A défaut d'offrire des réponses, elles posent au moins une question :
Devons-nous, au moment d'entrer dans le futur, reléguer dans l'ombre une bonne partie de l'humanité ? "(2)

Ainsi, chaque visage porte son histoire et sa touche d'espoir. Lui n'a pas été enterré au milieu des camps de réfugiés !

On voit des enfants danser et jouer derrière les barbelés d'un camp, d'autres nous fixer l'air de nous demander ce que nous regardons.
Il y a aussi cette image : sur le bord d'une route rouandaise, le carnage, et en face, les vivants qui fuient... la vie passe bien souvent à côté de la mort.
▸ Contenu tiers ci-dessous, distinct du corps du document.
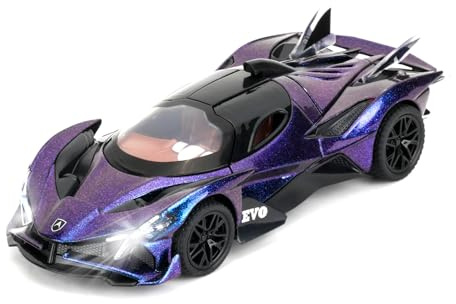 TGRCM-CZ 1/32 Apollo Projekt EVO Modellautos Spielzeug, Zinklegierung Zurückziehen Fahrzeuge Modellauto mit Klang und Licht für Sammler & Kinder 3 Jahre alt Geburtstagsgeschenk (lila)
Les visiteurs passent ainsi sur la douleur du monde, devant des photographies aux allures de gravures de notre temps qui, avant d'informer, parlent, interpellent et toujours dérangent. Soudain, l'un des spectateurs porte sa main à la bouche, écarquille les yeux, ne voulant pas y croire. Pourtant si, ce sont bien des cadavres ou des corps faméliques mis en scène par la tragédie de la guerre ou de l'exode.

De l'entrée à la sortie, les sourires s'estompent et font place à des mines graves et des yeux chargés de douleur et de frayeur.

Et pourtant, au dehors, il fait beau, le ronron du climatiseur est remplacé par celui des moteurs et la vie reprend son cours, indifférente.

1 Sebastião Salgado est un des plus grands photographes actuels. Il a travaillé pendant près de quinze ans pour la légendaire agence Magnum. Il a publié différents ouvrages dont le plus important et le plus célèbre est " Workers ".

2 Texte d'introduction à l'exposition " Exode ", regroupant environs trois cent clichés pris aux quatre coins de la terre, au fil des guerres et des fuites marquant notre monde. Le catalogue de l'exposition est disponible aux éditions de La Martinière.

* Tyler Durden est un pseudonyme. L'identité de l'auteur est connue de la rédaction.